データが漏洩する原因の1つは、データ漏洩に対するIT支出が低いことでる。日本企業のセキュリティ支出は一環して増加しており、53%の企業が「支出を来年増加する予定だ」と回答している。しかし、優先順位の1位は「コンプライアンス/プライバシー要件」であり、データの漏洩の優先順位は低い。
畑瀬氏は、「クラウドを使うことも、新たな課題をもたらす」と指摘する。67%の企業がクラウド環境内で機密データを使っている。クラウドでは、暗号化、トークナイゼーション、可視化、機密データへのアクセス制御などの実現が難しくなる。
なお、タレスジャパンでは、ユーザー企業向けの事業として、CPL(クラウドプロテクション&ライセンシング)事業に注力している。ID&アクセス管理とデータ暗号化を両軸に製品・サービスを展開している。
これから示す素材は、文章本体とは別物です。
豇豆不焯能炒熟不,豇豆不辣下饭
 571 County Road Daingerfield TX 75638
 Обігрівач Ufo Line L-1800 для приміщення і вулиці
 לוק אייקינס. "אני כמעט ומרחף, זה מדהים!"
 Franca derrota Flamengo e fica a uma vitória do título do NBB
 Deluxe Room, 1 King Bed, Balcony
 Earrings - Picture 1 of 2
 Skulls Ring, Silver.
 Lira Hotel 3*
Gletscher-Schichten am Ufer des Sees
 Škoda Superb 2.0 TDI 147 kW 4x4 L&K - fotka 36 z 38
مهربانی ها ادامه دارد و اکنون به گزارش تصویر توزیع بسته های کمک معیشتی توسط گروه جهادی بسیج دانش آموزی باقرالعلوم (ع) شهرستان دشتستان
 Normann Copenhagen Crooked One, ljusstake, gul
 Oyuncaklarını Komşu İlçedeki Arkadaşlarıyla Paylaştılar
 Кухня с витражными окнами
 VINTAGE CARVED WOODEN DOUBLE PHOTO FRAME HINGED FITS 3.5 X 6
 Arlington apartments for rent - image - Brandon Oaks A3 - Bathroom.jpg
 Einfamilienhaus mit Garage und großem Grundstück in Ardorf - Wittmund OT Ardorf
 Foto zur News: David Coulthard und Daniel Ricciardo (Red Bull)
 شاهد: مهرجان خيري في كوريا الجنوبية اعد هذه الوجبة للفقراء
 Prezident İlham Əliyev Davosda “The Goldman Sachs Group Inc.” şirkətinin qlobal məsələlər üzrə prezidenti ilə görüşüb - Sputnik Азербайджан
例えば、クラウドに置いたデータを暗号化する需要に応えるサービスとして、暗号鍵を管理するHSM(ハードウェアセキュリティモジュール)をクラウド上に配置し、利用量に応じて課金するビジネスも提供している。BYOK(自前の鍵をクラウドに持ち込んで利用)によって、オンプレミス環境とクラウド環境の暗号化キーを統合管理できるとしている。